Interest in private markets within target date funds is rising as implementation becomes more feasible. A central challenge remains liquidity: integrating illiquid assets into daily-valued DC structures without diluting any potential illiquidity premium. This paper outlines practical considerations that can help inform how investors approach sizing, structuring, and governing private markets exposure.
Interest in incorporating private markets within target date funds has accelerated, driven less by changes in the long-term risk/return case than by advances on implementation and frameworks for evaluation. Despite these developments, a fundamental challenge remains: reconciling illiquid assets with the daily valued, participant driven structure of DC plans.
While evergreen structures with periodic redemptions have broadened access to private market assets, those assets generally feature constrained liquidity—therefore liquidity remains an important diligence and design consideration for DC plans. Implementation considerations differ across strategies and mandate sizes, but without sufficient confidence in the liquidity profile of an investment, private market allocations may be limited in size even for those who believe most strongly in the investment case. Yet over engineering for liquidity, through large cash buffers or similar mechanisms, may reduce the potential benefits investors seek from private market exposure.
While participant level liquidity is generally supported by the structure of target date funds being comprised primarily of liquid public assets, complete plan level liquidity cannot be assured at all times. Thoughtful structuring and governance can help investors assess and manage these tradeoffs, supporting a more measured evaluation of potential benefits and implementation risks.
Amidst an abundance of noise around private market liquidity in retail vehicles, what follows are five core considerations of liquidity that inform State Street’s due diligence process and help guide the integration of private markets exposure within its target date strategies.
When constructing a target date fund with a private markets allocation, the glidepath manager can start from two distinct approaches. A bespoke private markets portfolio may offer greater control over portfolio construction and liquidity terms, but it also introduces the challenge of building scale. For private market evergreen vehicles, liquidity, diversification and efficiency all may improve non-linearly as assets grow, presenting potential challenges for early adopters. As a result, we adopted an alternative approach, prioritizing demonstrated scale and operational maturity within the private markets vehicle as critical when considering inclusion.

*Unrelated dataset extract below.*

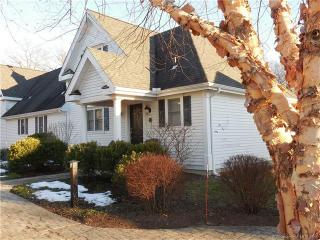 8 Augusta Cir, Moodus, CT 06469-1177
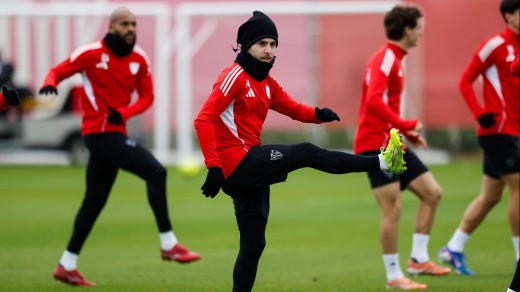 El Sevilla suma dos nuevas bajas en el entrenamiento de este viernes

In evergreen private market structures, scale may directly affect a manager’s ability to meet redemptions without relying on forced asset sales. Larger platforms may benefit from broader opportunity sets, deeper origination platforms, and greater flexibility in managing inflows and outflows across investors groups that would typically be more diversified for scaled products. As a general observation, most private market evergreen vehicles offer, at their discretion, a percentage of fund Net Asset Value to investors periodically, typically either monthly or quarterly. In what may be a simple but important point, a 5% allocation in a $5 billion portfolio with 100 investors may offer relatively greater flexibility in managing liquidity than a 5% allocation in a $100 million portfolio with 2 investors, although this can vary depending on market conditions and other factors.

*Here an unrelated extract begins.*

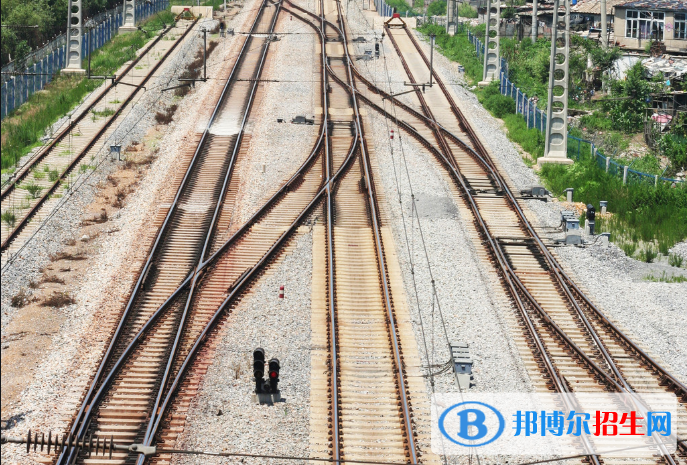 湖北2020年鐵路學(xué)校中專升大?？际裁? width=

That said, scale alone is not a guarantee of liquidity. Recent periods of stress across private markets have demonstrated that even large funds can face challenges when valuation uncertainty coincides with elevated redemption demand. As a result, scale is often viewed as a necessary—but not sufficient—condition. We believe it should be paired with disciplined portfolio construction, conservative liquidity assumptions, and explicit governance mechanisms designed to protect long-term investors.
Private markets are not immune to cyclical stress, nor do they experience it uniformly. Liquidity pressures often emerge unevenly—by sector, geography, or vintage year.
Diversification, therefore, plays a central role in our evaluation. We prioritize approaches that combine exposure across multiple private asset types and investment vintages, rather than relying on a single segment or deployment period. In our view, diversification may improve the predictability of cash flows and reduce reliance on any one exit environment to meet redemption needs.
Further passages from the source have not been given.